Pursuant to an engagement letter dated August 26, 2021 (the “Financing Engagement Letter”), the Company engaged CF&Co. to act as exclusive financial advisor, placement agent and arranger in respect of one or more debt financing(s) contemplated by the Company from time to time, in connection with which CF&Co. agreed to perform certain customary services for the Company. Pursuant to the Financing Engagement Letter, CF&Co. will be entitled to a fee equal to 2.0% of the aggregate maximum principal amount of any senior or first lien debt committed or available to be committed to the Company, and 3.0% of the aggregate maximum principal amount of any subordinated debt or other junior capital committed or available to be committed to the Company. The fees payable in connection with the Financing Engagement Letter were paid on the Closing Date.

Sponsor PIPE Subscription Agreement in connection with PIPE Investment

Contemporaneously with the execution of the Merger Agreement, CF V entered into the PIPE Subscription Agreements with the PIPE Investors, including the Sponsor. Pursuant to the Sponsor’s PIPE Subscription Agreement, the Sponsor agreed to purchase 2,316,770 Ordinary Shares (subject to adjustment) for a purchase price of $10.00 per share and a purchase price of approximately $23.2 million. The PIPE Shares were issued on the Closing Date.

Amended and Restated Forward Purchase Contract

Contemporaneously with the execution of the Merger Agreement, CF V, the Company and the Sponsor entered into the Amended and Restated Forward Purchase Contract, pursuant to which the Sponsor agreed to purchase, and the Company agreed to issue and sell to the Sponsor, 1,250,000 Class A Ordinary Shares (subject to adjustment) and 333,333 Warrants to purchase Ordinary Shares for $11.50 each, for an aggregate purchase price of $10,000,000. On the Closing Date, the Forward Purchase Securities were issued to the Sponsor.

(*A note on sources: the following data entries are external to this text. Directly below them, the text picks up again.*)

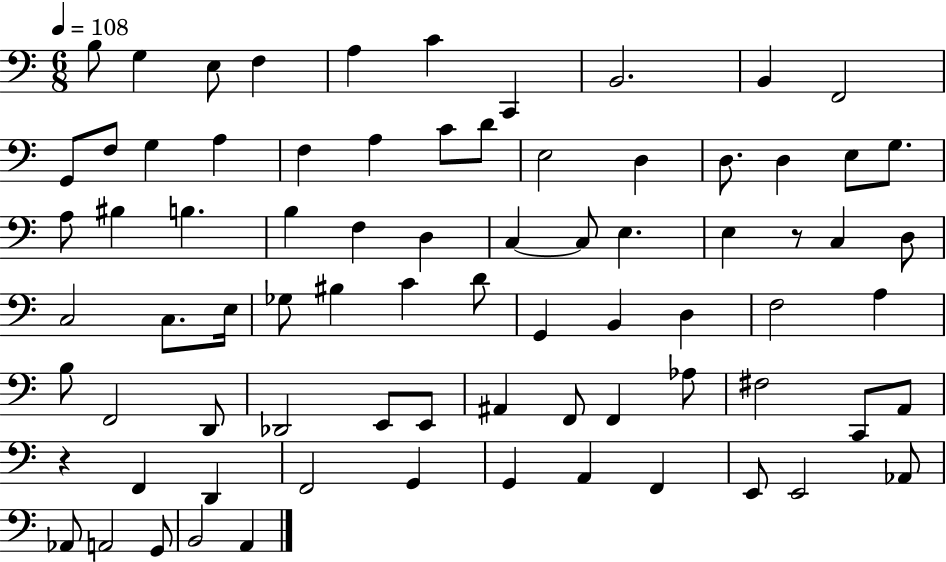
{
  \clef bass
  \numericTimeSignature
  \time 6/8
  \key c \major
  \tempo 4 = 108
  b8 g4 e8 f4 | a4 c'4 c,4 | b,2. | b,4 f,2 | \break g,8 f8 g4 a4 | f4 a4 c'8 d'8 | e2 d4 | d8. d4 e8 g8. | \break a8 bis4 b4. | b4 f4 d4 | c4~~ c8 e4. | e4 r8 c4 d8 | \break c2 c8. e16 | ges8 bis4 c'4 d'8 | g,4 b,4 d4 | f2 a4 | \break b8 f,2 d,8 | des,2 e,8 e,8 | ais,4 f,8 f,4 aes8 | fis2 c,8 a,8 | \break r4 f,4 d,4 | f,2 g,4 | g,4 a,4 f,4 | e,8 e,2 aes,8 | \break aes,8 a,2 g,8 | b,2 a,4 | \bar "|."
}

On April 1, 2022, the Company informed Continental Stock Transfer & Trust Company that pursuant to Section 4.3.2 of the $8.63 Warrant Agreement as modified and assumed by the Assignment and Assumption Agreement that the Warrant Price (as defined in the $8.63 Warrant Agreement) with respect to the $8.63 Warrants issued and outstanding under the $8.63 Warrant Agreement will be adjusted from $11.50 to $8.63 and the Redemption Price (as defined in the $8.63 Warrant Agreement) of the $8.63 Warrants will be adjusted from $18.00 to $13.50.

Cantor Fees

On January 18, 2022, CF V, Nettar and CF&Co. entered into the CF Fee Letter pursuant to which they agreed that of the CF V Transaction Expenses payable to CF&Co., which in aggregate total approximately $21.94 million (comprised of $5.0 million of M&A advisory fees, $8.75 million of business combination marketing fees, and approximately $8.19 million of placement agent fees), only the M&A advisory fees would be paid in cash while the remainder would be paid in the form of an aggregate of 2,058,229 newly-issued Class A Ordinary Shares issued on the Closing Date. Such payments and issuances were made on the Closing Date.

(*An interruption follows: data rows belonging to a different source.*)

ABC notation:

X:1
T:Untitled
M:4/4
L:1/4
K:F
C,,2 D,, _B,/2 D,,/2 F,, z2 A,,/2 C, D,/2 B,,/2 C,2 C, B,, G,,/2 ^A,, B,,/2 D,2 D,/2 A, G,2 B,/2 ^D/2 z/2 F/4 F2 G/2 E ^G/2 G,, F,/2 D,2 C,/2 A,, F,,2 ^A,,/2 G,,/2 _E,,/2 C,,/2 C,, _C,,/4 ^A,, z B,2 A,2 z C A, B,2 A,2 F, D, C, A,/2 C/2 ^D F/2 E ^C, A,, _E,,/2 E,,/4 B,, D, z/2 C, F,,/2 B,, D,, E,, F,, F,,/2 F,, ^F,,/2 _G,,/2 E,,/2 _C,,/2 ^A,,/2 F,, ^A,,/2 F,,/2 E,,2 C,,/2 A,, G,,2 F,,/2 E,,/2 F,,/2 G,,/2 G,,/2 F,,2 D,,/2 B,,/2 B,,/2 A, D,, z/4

Pursuant to the Cantor Fee Letter, CF&Co would be entitled to receive Additional Shares if the Adjustment Period VWAP is less than $10.00 (up to a maximum of 150,000 Additional Shares if the Adjustment Period VWAP is less than $8.00). Based on the 30-day volume weighted average price of our Class A Ordinary Shares of $8.75 on April 25, 2022 85,714 Additional Shares would be issued to CF&Co.

 

109


Promissory Note Waiver Letter

On January 18, 2022, CF Securities, the Company and Nettar entered into the Promissory Note Waiver Letter pursuant to which the Company and CF Securities agreed that the Company would repay the Initial Loan, including all principal and interest on the Closing of the Business Combination, by the issuance of 788,021 Class A Ordinary Shares. The shares issuable pursuant to this agreement were issued on the Closing Date.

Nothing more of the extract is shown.